The federal action is the latest by Ellison and states with mostly Democrat leaders to challenge orders by Trump since his return to the White House. Minnesota on Tuesday had joined with 22 states to block Trump’s order from cutting off certain types of federal aid, and on Monday had joined with 11 states to warn federal employees against taking a “misleading” budget-cutting buyout offer.
Trump’s order against gender-affirming care also called for a Department of Justice investigation against Minnesota and others with so-called trans refuge laws. Friday’s lawsuit, filed in the Western District of Washington, seeks to block any federal action based on this order. Oregon also joined in the case.
Gov. Tim Walz signed legislation in 2023 that shielded families and children traveling to Minnesota for gender-affirming care from repercussions — such as the removal of a child from parental custody —under another state’s law.

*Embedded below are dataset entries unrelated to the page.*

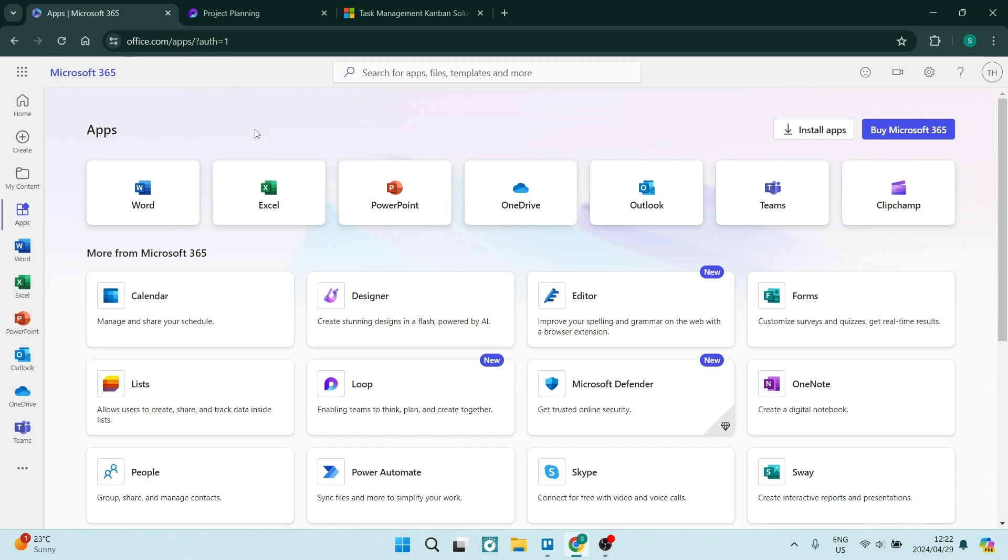Ladies and gentlemen, boys and girls, today I'm going to show you how to use Microsoft Loop. So welcome to the channel and let's get straight into it.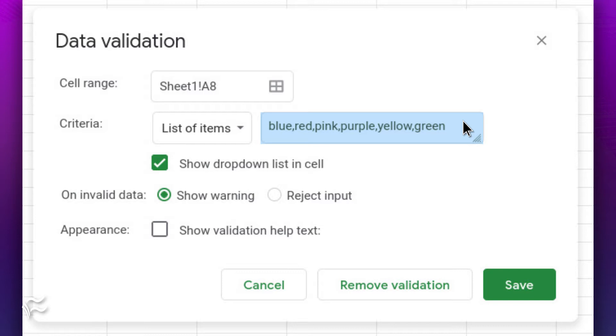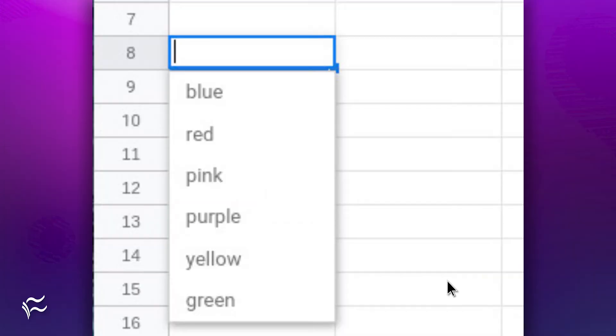So, blue, red, pink, purple, yellow, green. Once you've entered the list of items, click Save and your drop-down is ready to go.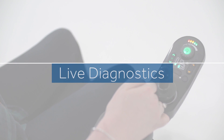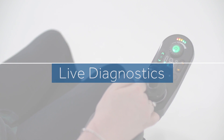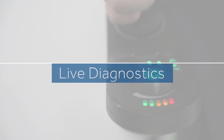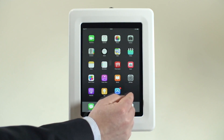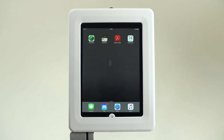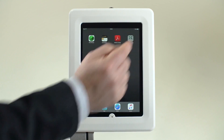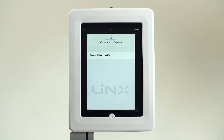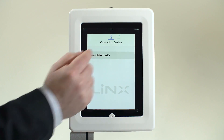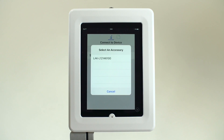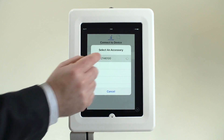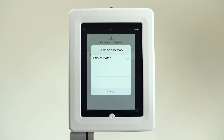Live Diagnostics: The Lynx system can display real-time data from the controller. This diagnostic information can aid in quickly identifying areas affecting the power chair's performance.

Families with transgender children have reportedly relocated to Minnesota to escape punitive laws elsewhere.
President Trump in his Jan. 28 order argued that the proliferation of gender-affirming care is a “dangerous trend” and “a stain on our Nation’s history” because, the order said, many children and teens undergo transformative treatments that they later regret.
A 2022 survey estimated that 300,000 U.S. teens age 13 to 17 were transgender, about 1.4% of the population in that age group.